O enigma

Quando abriu a porta do quarto André encontrou o envelope no chão. Antes de pegá-lo olhou para os lados para se certificar que não havia ninguém no corredor e, por via das dúvidas, chutou o envelope para dentro, fechou a porta e, enfim, recolheu-o.

Estranhou a cor lilás do papel. Não era o padrão que costumava receber. Concluiu que a mensagem não tinha vindo do comando e ficou preocupado. Há mais de um mês estava refugiado naquele hotel em Riquewhir se passando por um escritor que precisava de tranquilidade para trabalhar. Só três pessoas do comando sabiam da sua missão. Só uma, a sua localização.

Certificou-se que o envelope não tinha cola demais, nem algum fio escondido. Concluindo que não era uma carta bomba, pegou o estilete e o abriu. Era uma folha de seda muito fina, onde se lia:

ognь огонь (ogon') вогонь (vohon') агонь (ahon') ogień oheň oheň ogenj огањ (oganj) ogenj oganj огън (ogan) оган/огин (ogan/ogin)

ryba рыба (ryba) риба (ryba) рыба (ryba) ryba ryba ryba riba риба (riba) riba riba риба (riba) риба (riba)

gnězdo гнездо (gnezdo) гнiздо (hnizdo) гняздо (hnyazdo) gniazdo hnízdo hniezdo gnezdo гн(иј)ездо (gn(ij)ezdo) gnijezdo gnijezdo гнездо (gnezdo) гнездо (gnezdo)

oko око (oko) око (oko) вока (voka) oko oko oko oko око (oko) oko oko око (oko) око (oko)

Definitivamente a mensagem não vinha do comando, não era o padrão de código do seu chefe mas, como bom espião ele não demorou muito para decifrar a mensagem, ou melhor, para identificar as palavras. O significado lhe parecia um enigma: Fogo peixe olho ninho.

Peixe de fogo? Olho do ninho? Fogo no ninho do peixe? Olho de peixe em fogo? Nada lhe fazia sentido. Resolveu dormir, estava cansado demais para solucionar aquilo naquele momento e, já que não vinha do comando, não deveria ser nada urgente.

Claro que não conseguiu dormir. Curioso para entender a mensagem e, principalmente, para conseguir identificar o remetente dela. Tentou combinar as letras, nada fazia sentido. Concluiu que não deveriam ser letras e se fixou nas imagens das letras. Achou que tinha percebido alguma coisa, mesmo assim não se sentiu convicto a respeito.

Passou o dia seguinte estudando seu livro de símbolos para ver se surgia alguma luz. Nada. E as quatro palavras continuavam olhando para ele como se o desafiassem.

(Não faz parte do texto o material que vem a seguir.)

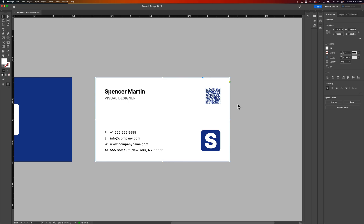So it's really easy to add QR codes to your designs here in Adobe InDesign.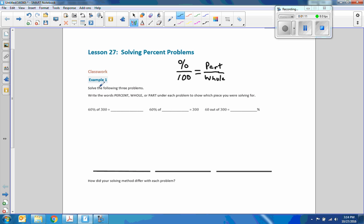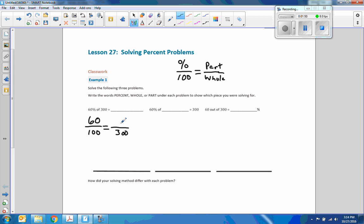Here it says solve the following three problems and write the words percent, whole, or part under each problem to show which piece you were solving for. So the first one: we have 60%, which is my percent, going over 100. So it's 60 over 100 equals 60% of 300. 300 is the total, the whole, and we want a part of it. To get from 100 to 300, we multiply by 3, and since we do that to the bottom, we do the same to the top. So 60 times 3 is 180 — that's our answer.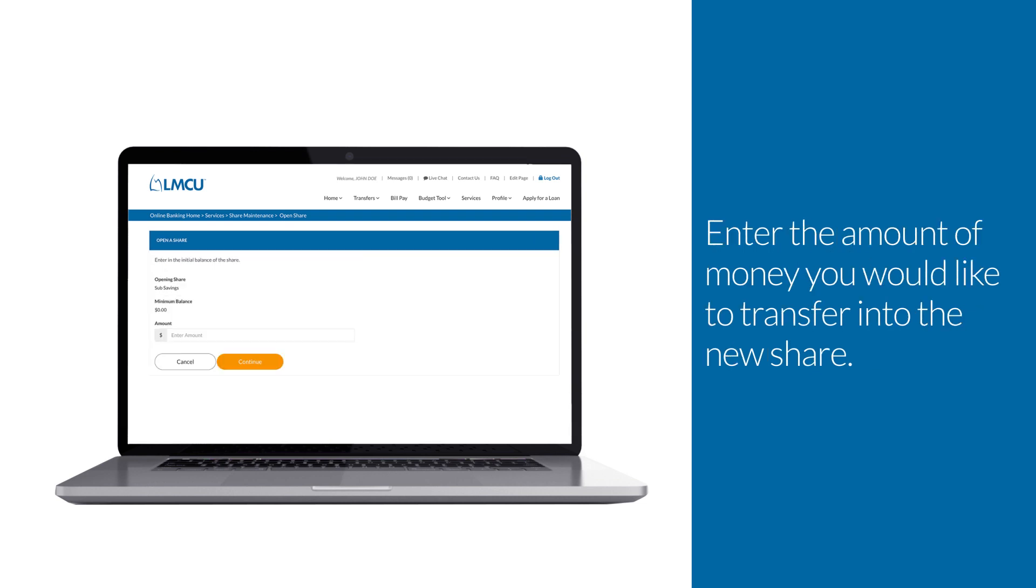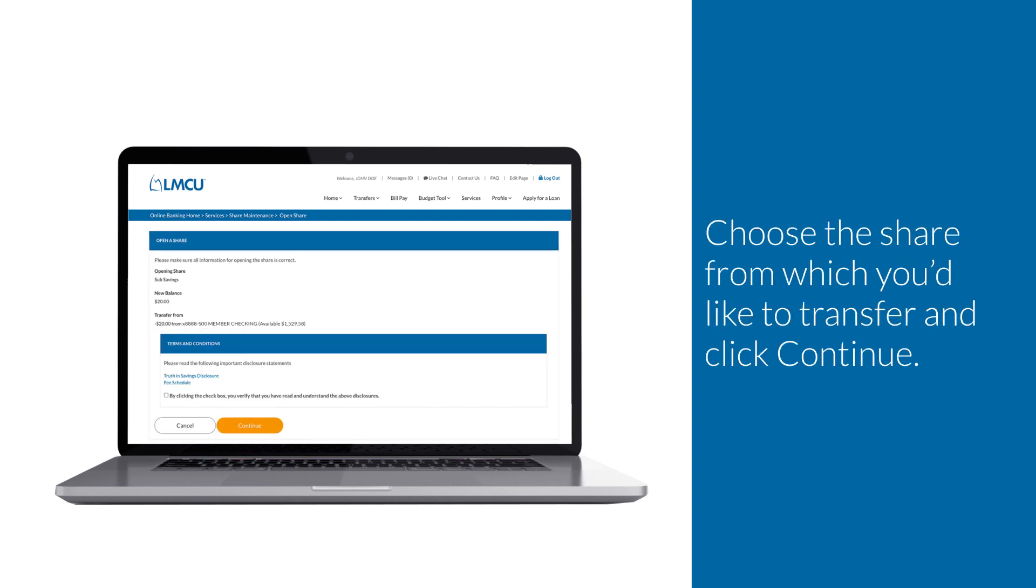Enter the amount of money you would like to transfer into the new share. Choose the share from which you'd like to transfer and click Continue.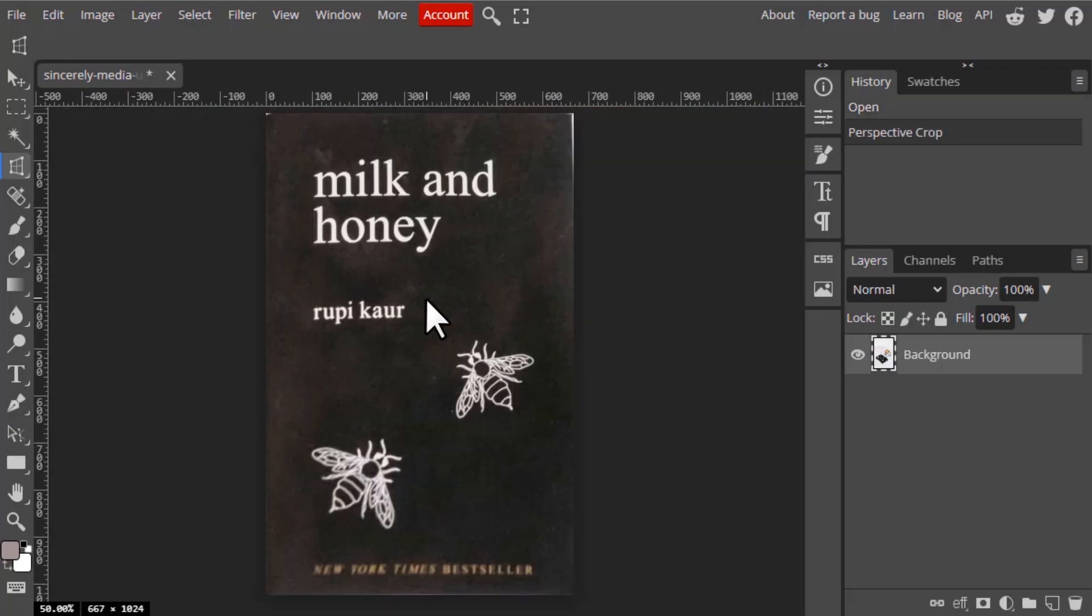Let's see. And you can see, so this is how we can use the Perspective Crop tool.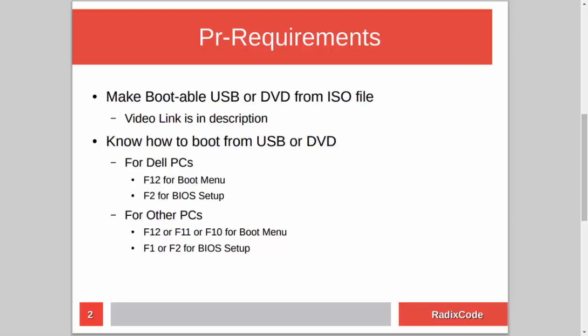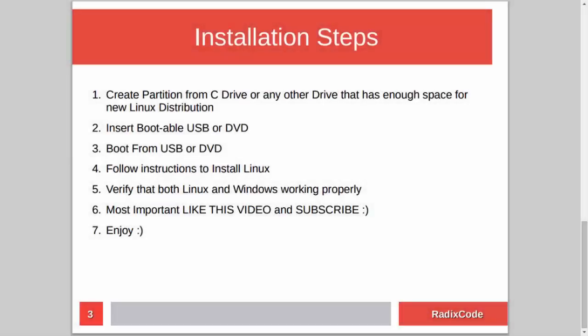The installation steps are very simple. First, we need to create an empty partition for our Linux distribution from the C drive or any other drive that has enough space. After this, we will insert our DVD or USB drive into the computer and restart. We will then boot from USB or DVD, install our Linux distribution, and at the end verify that both Linux and Windows are working fine.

Por uma questão de segurança avisou o comando a respeito da mensagem. O comando informou que não era dele, mas ele sabia do que se tratava. Mas não deu nenhuma dica a respeito. Começou a achar que era uma brincadeira e imaginou soluções jocosas. Nada.

Passou uma semana, duas, um mês e André não conseguiu resolver o problema da mensagem. Mandou um aviso para o comando. Ele desistia. Deveria ser removido de volta à base. Como um espião do nível dele poderia se manter no posto sem conseguir decodificar a mensagem?

No dia seguinte seu contato na região apareceu na hora do café da manhã. Sentou-se à mesa com ele, não falou nada. apenas lhe entregou um envelope com as passagens de volta. Quando levantou-se, olhou para trás e perguntou: onde foi parar o romantismo da sua juventude?

Nesse momento, foi como se um raio caísse na cabeça de André. Ele ficou vermelho de vergonha e roxo de raiva. Como é que não tinha percebido? Não desistiu de partir de volta para casa, pelo contrário, a compreensão da mensagem só aumentou sua vontade de voltar logo.

Dois dias depois já estava num táxi, indo do aeroporto para casa. Quanto mais perto chegava, mais apertava sua saudade de Clarissa. De longe a viu na varanda da casa, linda vestindo um longo negligé cor de rosa. Ainda na soleira, olhou para ela e disse.

" - O peixe se abrasa ao te olhar. Vamos para o ninho."

Comentários

Raquel disse…
Adoro mensagens em códigos.
Juliana disse…
Me lembrou as cartas enigmáticas dos antigos almanaques.